Stories of Mine 21
On December 8, 1981, Mine 21, one of several underground coal-mines operated by Grundy Mining Company in the unincorporated area between Palmer and Whitwell, Tennessee, exploded and killed thirteen miners. While not on the same scale as the disasters in Fraterville (May 19, 1902, in which 216 miners were killed) or Cross Mountain (December 9, 1911, in which 84 died), Mine 21 was the worst mining disaster in Tennessee since the introduction of modern safety precautions. The Department of Labor would eventually rule that “a cigarette lighter taken into a coal mine in violation of Federal regulations touched off a methane explosion,” but “accused the Grundy County Mining Company, the mine’s operator, of failure to evacuate workers from a methane-laden shaft, to adequately ventilate the shaft and to enforce a Federal regulation prohibiting smoking materials in a mine” (New York Times, May 5, 1982). The next year, Grundy Mining agreed to pay 10 widows and their children $10 million in damages, a fraction of the $60 the families had originally sought (New York Times, February 19, 1983).

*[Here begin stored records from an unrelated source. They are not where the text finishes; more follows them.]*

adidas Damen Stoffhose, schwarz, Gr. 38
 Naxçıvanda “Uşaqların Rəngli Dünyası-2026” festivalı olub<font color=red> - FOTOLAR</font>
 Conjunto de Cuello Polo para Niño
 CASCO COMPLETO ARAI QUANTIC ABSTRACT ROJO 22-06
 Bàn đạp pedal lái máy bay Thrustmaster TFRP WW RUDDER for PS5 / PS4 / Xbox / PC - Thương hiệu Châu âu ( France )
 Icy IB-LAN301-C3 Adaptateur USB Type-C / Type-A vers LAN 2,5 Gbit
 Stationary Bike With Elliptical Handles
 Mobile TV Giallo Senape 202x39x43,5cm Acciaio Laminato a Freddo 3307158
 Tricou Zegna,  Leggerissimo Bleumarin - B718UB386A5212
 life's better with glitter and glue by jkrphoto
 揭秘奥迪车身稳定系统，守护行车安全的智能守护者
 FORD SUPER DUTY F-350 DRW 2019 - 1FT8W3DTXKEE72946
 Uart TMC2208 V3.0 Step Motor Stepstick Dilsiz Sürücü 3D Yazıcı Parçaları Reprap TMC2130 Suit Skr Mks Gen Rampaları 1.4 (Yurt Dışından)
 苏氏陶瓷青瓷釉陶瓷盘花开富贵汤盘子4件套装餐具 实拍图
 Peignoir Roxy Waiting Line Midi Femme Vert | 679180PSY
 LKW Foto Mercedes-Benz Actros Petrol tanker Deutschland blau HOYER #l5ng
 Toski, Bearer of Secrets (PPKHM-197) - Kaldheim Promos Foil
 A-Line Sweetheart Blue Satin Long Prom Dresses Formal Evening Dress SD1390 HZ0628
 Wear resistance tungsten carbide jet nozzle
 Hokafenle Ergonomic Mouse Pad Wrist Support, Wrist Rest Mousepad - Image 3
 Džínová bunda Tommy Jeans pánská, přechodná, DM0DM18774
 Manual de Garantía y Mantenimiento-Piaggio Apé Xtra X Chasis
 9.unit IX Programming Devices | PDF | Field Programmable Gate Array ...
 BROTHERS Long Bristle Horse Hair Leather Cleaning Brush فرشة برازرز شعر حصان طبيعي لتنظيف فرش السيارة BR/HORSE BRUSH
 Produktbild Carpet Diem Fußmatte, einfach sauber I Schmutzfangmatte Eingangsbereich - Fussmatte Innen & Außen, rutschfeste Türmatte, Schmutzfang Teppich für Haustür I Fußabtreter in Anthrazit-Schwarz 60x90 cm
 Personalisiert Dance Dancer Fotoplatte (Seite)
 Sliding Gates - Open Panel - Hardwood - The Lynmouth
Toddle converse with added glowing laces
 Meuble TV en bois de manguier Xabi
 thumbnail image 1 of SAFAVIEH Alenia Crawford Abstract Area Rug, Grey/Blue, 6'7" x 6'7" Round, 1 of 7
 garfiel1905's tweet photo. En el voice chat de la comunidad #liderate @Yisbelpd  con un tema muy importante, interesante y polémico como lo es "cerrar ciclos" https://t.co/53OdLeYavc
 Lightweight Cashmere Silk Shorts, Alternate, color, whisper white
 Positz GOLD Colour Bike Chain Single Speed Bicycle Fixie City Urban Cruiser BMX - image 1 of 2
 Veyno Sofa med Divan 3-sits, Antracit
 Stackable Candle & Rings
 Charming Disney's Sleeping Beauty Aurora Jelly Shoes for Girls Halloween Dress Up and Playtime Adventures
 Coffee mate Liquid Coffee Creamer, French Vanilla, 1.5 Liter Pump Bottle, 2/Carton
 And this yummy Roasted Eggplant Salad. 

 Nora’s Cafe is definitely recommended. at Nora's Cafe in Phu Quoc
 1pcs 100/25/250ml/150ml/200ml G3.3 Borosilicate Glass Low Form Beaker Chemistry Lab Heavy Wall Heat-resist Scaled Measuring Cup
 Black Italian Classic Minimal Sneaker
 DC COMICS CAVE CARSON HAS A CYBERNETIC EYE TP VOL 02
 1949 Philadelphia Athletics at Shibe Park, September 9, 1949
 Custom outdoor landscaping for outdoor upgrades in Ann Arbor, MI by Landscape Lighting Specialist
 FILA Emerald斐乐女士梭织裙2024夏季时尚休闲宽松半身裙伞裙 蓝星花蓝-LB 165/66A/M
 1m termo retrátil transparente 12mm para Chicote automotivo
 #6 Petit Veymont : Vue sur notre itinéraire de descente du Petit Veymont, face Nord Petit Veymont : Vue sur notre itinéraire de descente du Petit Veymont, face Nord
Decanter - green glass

In 1997, Tennessee Consolidated Coal closed the mines in Grundy, and with that, the only real venue for work in the region. Many of those former coal miners came to work in maintenance or buildings and grounds for the University of the South. The disaster of Mine 21, a local version of all the mining disasters that have taken place across the country for over a century, is an event that binds many who work at Sewanee together in a way that is utterly invisible to many others who work at the same institution.
This project aims to produce a documentary film that recognizes, shares, and preserves some of the stories of Mine 21—a local event with national resonance and policy implications.
Traumatic events like this one bind a community; if we who live in Sewanee feel a sense of estrangement from our fellow communities on the plateau, it is in part because we do not know their stories. This is one of the most important ones. The proposed documentary will be about a half-hour long, for use in a diverse set of classrooms (certainly history, sociology, and the humanities more generally) and perhaps museum use; it is not inconceivable that it might be appropriate for public television.